» WHAT THE TASK ASKS:
A faithful copy is required. Print each line of the data exactly and omit the pictures.

################

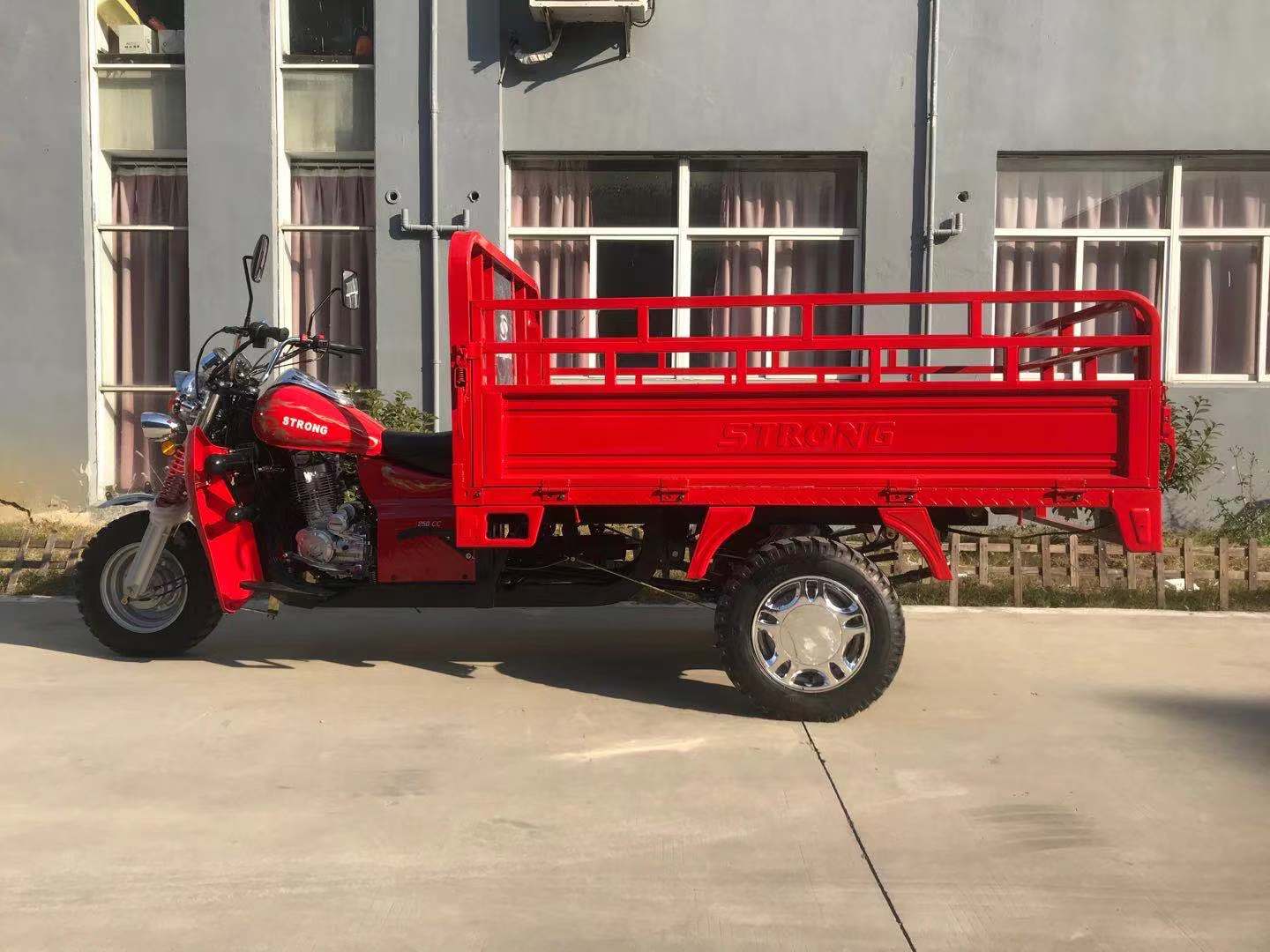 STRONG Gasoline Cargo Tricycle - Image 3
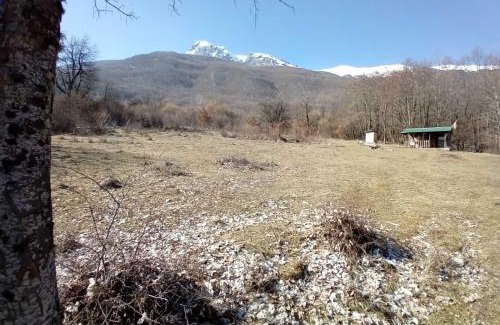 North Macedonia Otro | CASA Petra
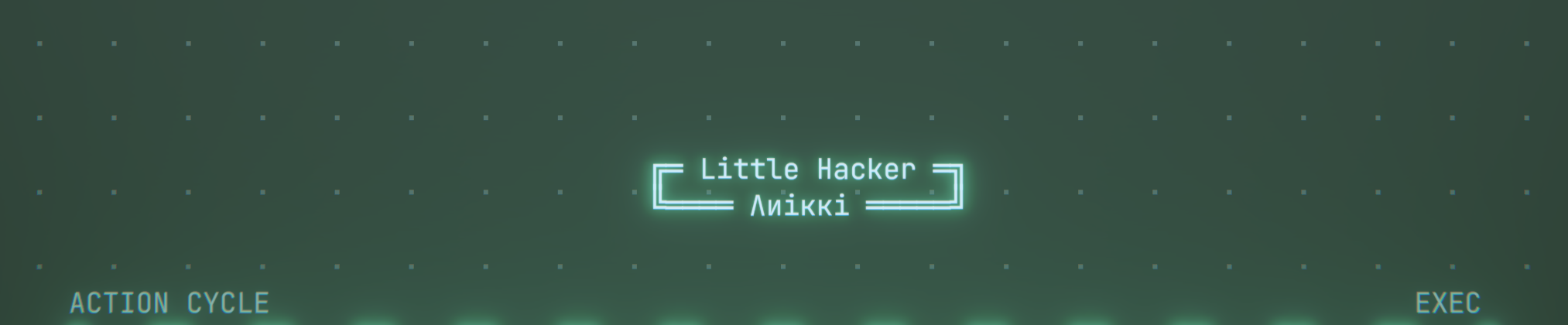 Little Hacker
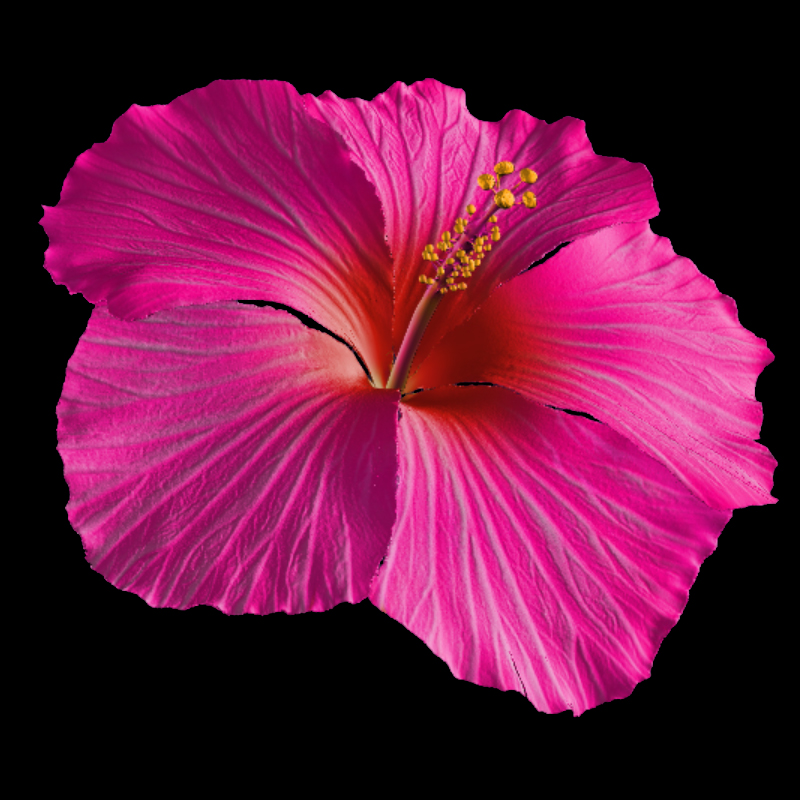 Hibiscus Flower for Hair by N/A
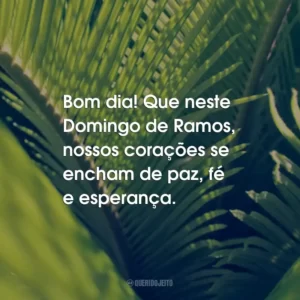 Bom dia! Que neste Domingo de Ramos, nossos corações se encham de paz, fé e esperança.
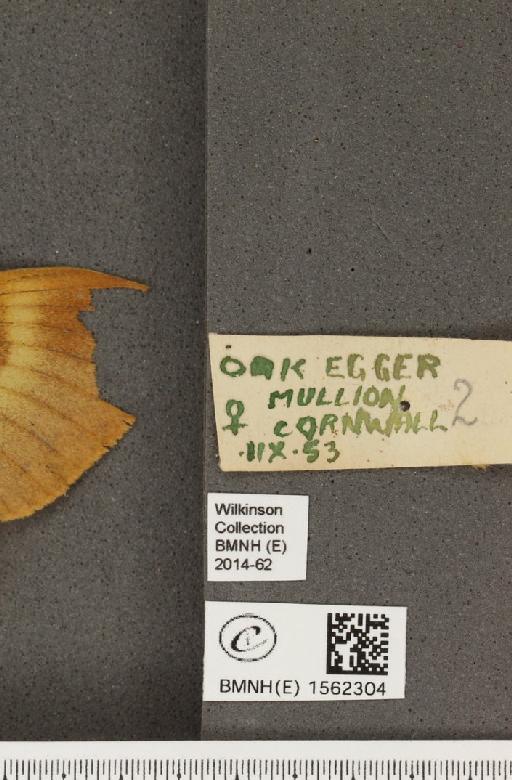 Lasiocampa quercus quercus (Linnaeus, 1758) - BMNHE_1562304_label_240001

################

» EXERCISE RESULT:
 STRONG Gasoline Cargo Tricycle - Image 3
 North Macedonia Otro | CASA Petra
 Little Hacker
 Hibiscus Flower for Hair by N/A
 Bom dia! Que neste Domingo de Ramos, nossos corações se encham de paz, fé e esperança.
 Lasiocampa quercus quercus (Linnaeus, 1758) - BMNHE_1562304_label_240001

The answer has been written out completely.